The acquisition price of 165 pence per lastminute.com share values
lastminute.com’s Diluted Share Capital at approximately £577 million. The
terms of the acquisition imply an enterprise value for lastminute.com of
approximately £606 million, including gross debt as at March 31, 2005 of
approximately £69 million and cash at bank and in hand as at March 31, 2005
of approximately £40 million.
The acquisition will be made by Travelocity Europe Limited, an indirect
subsidiary of Sabre Holdings established for the purpose of the acquisition.
Sabre has obtained committed financing, arranged by Morgan Stanley and Bear
Stearns, which, together with its cash balances, is sufficient to satisfy in
full the cash consideration payable to lastminute.com shareholders under the
terms of the acquisition.
The proposed acquisition is expected to be neutral, post integration costs,
to Sabre Holdings’ earnings per share in 2005 on an adjusted basis (dilutive
on a GAAP basis) and significantly accretive on an adjusted basis in 2006
(dilutive on a GAAP basis).
It is intended that the acquisition will be implemented by way of a scheme
of arrangement under section 425 of the Companies Act (UK) (the “Scheme”).
It is expected that the Scheme Document will be mailed to lastminute.com
Shareholders on or before the end of May, 2005 and that, subject to the
satisfaction, or, where relevant, waiver, of all relevant conditions, the
Scheme will become effective and the acquisition completed by the end of
July, 2005.
The acquisition price of 165 pence per lastminute.com share represents a
premium of approximately 57 per cent. over the closing middle-market price
of 105 pence per lastminute.com share on May 10, 2005, being the last
business day prior to the announcement by lastminute.com confirming it had
received an approach which may or may not result in an offer for the
company. The acquisition price also represents a 47 percent premium over
lastminute.com’s average share price for the 30 days to May 10, 2005.
“The anticipated acquisition of lastminute.com directly supports Sabre’s
strategy of extending our role as a travel retailer focusing on
merchandising content, packages, and growing our international points of
sale, while broadening the products and services we offer to all customers
through our travel distribution platform,” said Sam Gilliland, chairman,
president and CEO of Sabre Holdings. “We’re extremely pleased with the
prospect of having lastminute.com, with its highly-regarded brands and
well-established customer base, as a part of Travelocity, including
Travelocity Europe. We expect this combination would provide us greater
opportunity to profit from the fast-growing European online segment. We
look forward to working with lastminute.com’s strong team to create further
value for our suppliers, our customers and our shareholders.”

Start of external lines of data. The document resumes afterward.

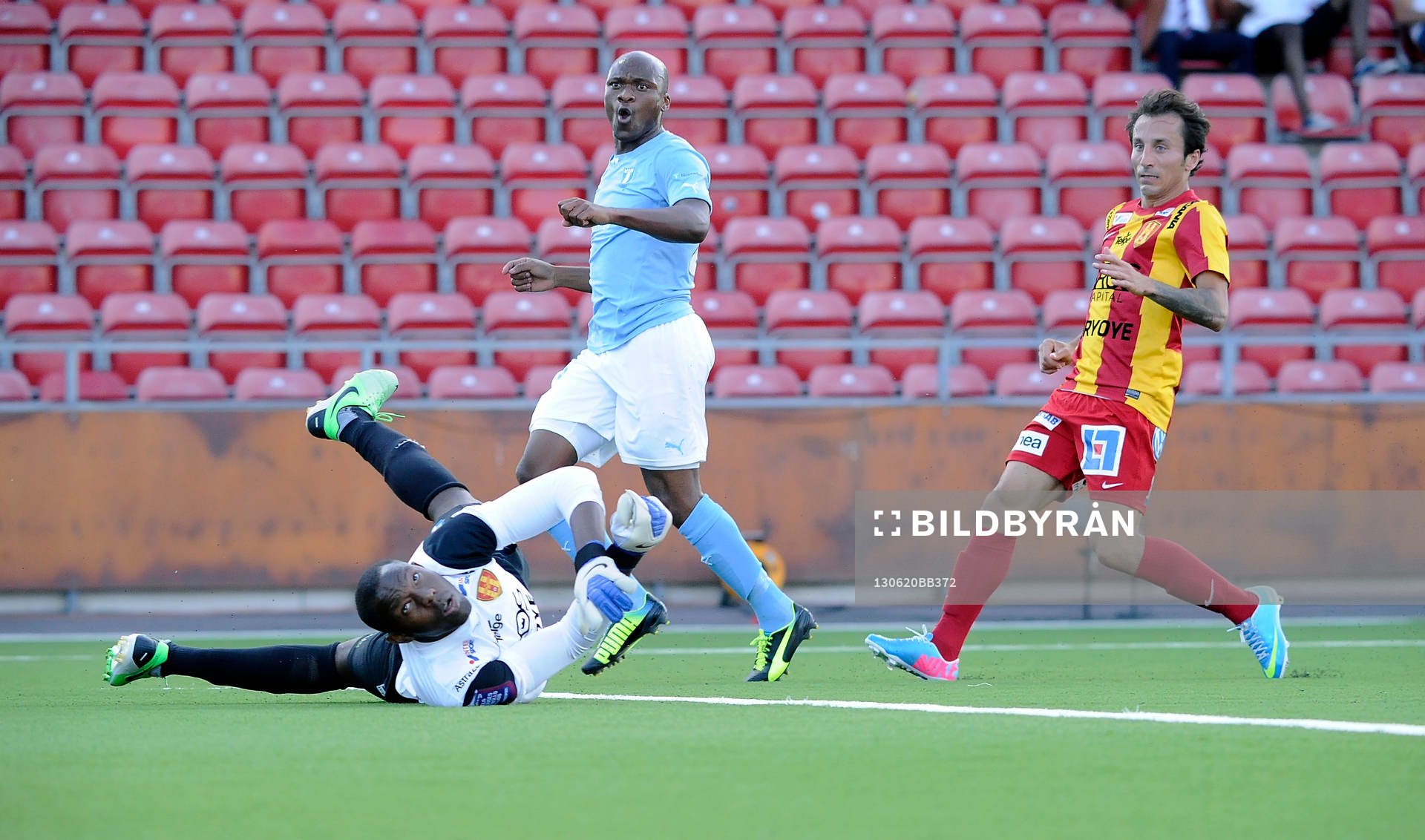2-2 målet av Malmös nr 29 Tokelo Rantie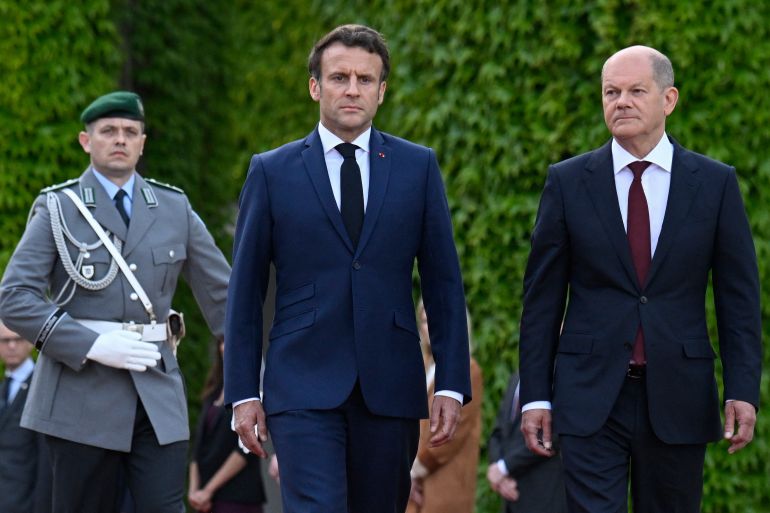 German Chancellor Olaf Scholz (R) and French President Emmanuel Macron in Berlin on May 9, 2022 [Tobias Schwarz/AFP]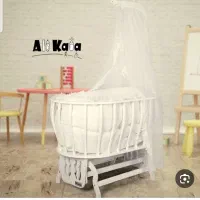تخت و گهواره کنار مادر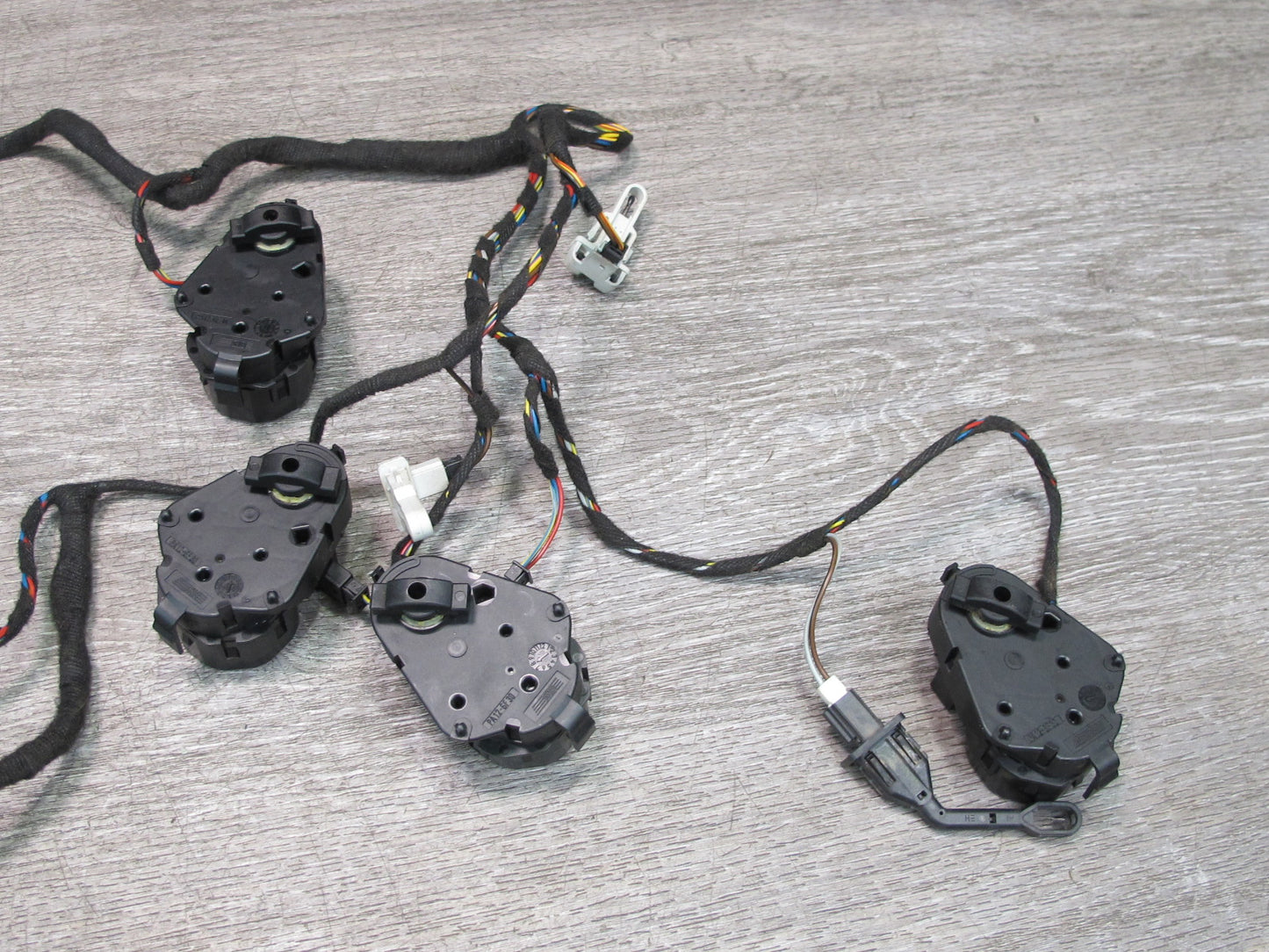 2006-2010 BMW E63 E64 A/C Heater Flap Door Actuator Motor Wiring Set OEM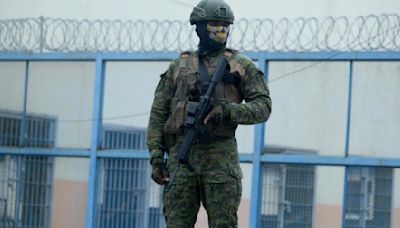 Militares de Ecuador intervienen cárcel de zona donde repunta la violencia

Following completion of the acquisition it is intended that Brent Hoberman,
currently CEO of lastminute.com, will become CEO of the combined
lastminute.com and Travelocity European operations, reporting to Michelle
Peluso, president and CEO of Travelocity. Damon Tassone, currently
president of Travelocity Europe, will become Deputy CEO reporting to Brent
Hoberman. Other key lastminute.com and Travelocity management are expected
to continue as senior executives within the combined organisation.
"Today’s offer from Sabre is an endorsement of the achievements of everyone
at lastminute.com. Over the past seven years, we have built a business from
scratch into one of Europe’s leading travel and leisure groups, with over
seven million customers and total transactions worth £992 million for the
financial year ended September 30, 2004,” said Brent Hoberman, CEO of
lastminute.com, which also announced its first half 2005 results today.
“Today’s interim results are a further demonstration that the growth and
entrepreneurship at the heart of lastminute.com is continuing strongly, with
total transaction value of 57 percent for the first half of 2005 and a
doubling of our order book since the first quarter of 2005. I am looking
forward to the opportunity of running the combined lastminute.com and
Travelocity businesses in Europe.”
According to Brian Collie, Chairman of lastminute.com, “The lastminute.com
Directors considered this offer from Sabre very carefully. While we all
acknowledge lastminute.com’s future prospects, we believe that this offer
represents an excellent opportunity to deliver significant, certain value to
shareholders now and to build an even stronger business for the future.”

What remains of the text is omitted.